Author Lee Rou Urn, Asia Editor, LNG and Joey Chua, Associate Editor, LNG

“Carbon-neutral” LNG has in recent months been touted as the cleaner, environmentally friendlier counterpart to LNG, drawing interest from the industry and prompting a slew of trades amid an increasing global focus on clean energy and sustainability.

In fact, the number of “carbon-neutral” LNG deals has increased from just around four last year to at least 17 so far in 2021. But what exactly is “carbon-neutral” LNG, and is it what it purports to be? Is “carbon-neutral” LNG a permanent strategy to achieve decarbonisation, or is it merely a passing fad? Lee Rou Urn and Joey Chua discuss.

What is “carbon-neutral” LNG?

It is important to clarify that “carbon-neutral” LNG does not refer to an LNG cargo void of carbon or emissions. Natural gas is composed of 85-95pc methane, which is made up of a carbon atom combined with four hydrogen atoms (CH4). What this means is that carbon is an intrinsic component of LNG, and there is no LNG cargo that is inherently carbon-free.
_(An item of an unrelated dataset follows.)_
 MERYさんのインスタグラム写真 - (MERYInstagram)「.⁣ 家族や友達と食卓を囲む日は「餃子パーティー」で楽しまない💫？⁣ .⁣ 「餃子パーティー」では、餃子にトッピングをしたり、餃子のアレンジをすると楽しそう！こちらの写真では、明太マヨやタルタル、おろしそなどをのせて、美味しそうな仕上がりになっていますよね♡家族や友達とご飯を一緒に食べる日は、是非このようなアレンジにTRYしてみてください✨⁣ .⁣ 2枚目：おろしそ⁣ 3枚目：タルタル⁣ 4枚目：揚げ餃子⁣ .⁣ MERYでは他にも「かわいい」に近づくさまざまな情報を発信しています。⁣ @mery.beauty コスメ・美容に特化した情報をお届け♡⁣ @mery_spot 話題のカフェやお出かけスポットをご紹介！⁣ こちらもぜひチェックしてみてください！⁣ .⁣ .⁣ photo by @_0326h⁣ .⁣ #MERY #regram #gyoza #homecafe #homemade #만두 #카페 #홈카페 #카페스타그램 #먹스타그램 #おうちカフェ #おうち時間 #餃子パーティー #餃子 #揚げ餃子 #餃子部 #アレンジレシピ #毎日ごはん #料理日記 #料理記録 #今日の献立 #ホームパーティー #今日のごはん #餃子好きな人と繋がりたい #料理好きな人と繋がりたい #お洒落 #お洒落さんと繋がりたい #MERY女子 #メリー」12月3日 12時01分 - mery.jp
What “carbon-neutral” LNG refers to is the offsetting of carbon emissions from the LNG supply chain through the purchase of carbon credits, which are used to support a wide range of project types including reforestation, afforestation or renewable projects. Some of these undertakings – such as reforestation and afforestation – benefit the environment by directly removing carbon from the atmosphere, thereby cancelling out emissions from the LNG cargo. But other projects, such as large-scale solar and wind projects, serve to merely prevent a rise in emissions and do not result in emission abatement.

How has the uptake of “carbon-neutral” LNG been in recent years?

There have so far been significantly more “carbon-neutral” LNG deals concluded this year than both of the last two years combined, driven by countries’ respective net zero targets and companies across various sectors paying more attention to the sustainability of their activities.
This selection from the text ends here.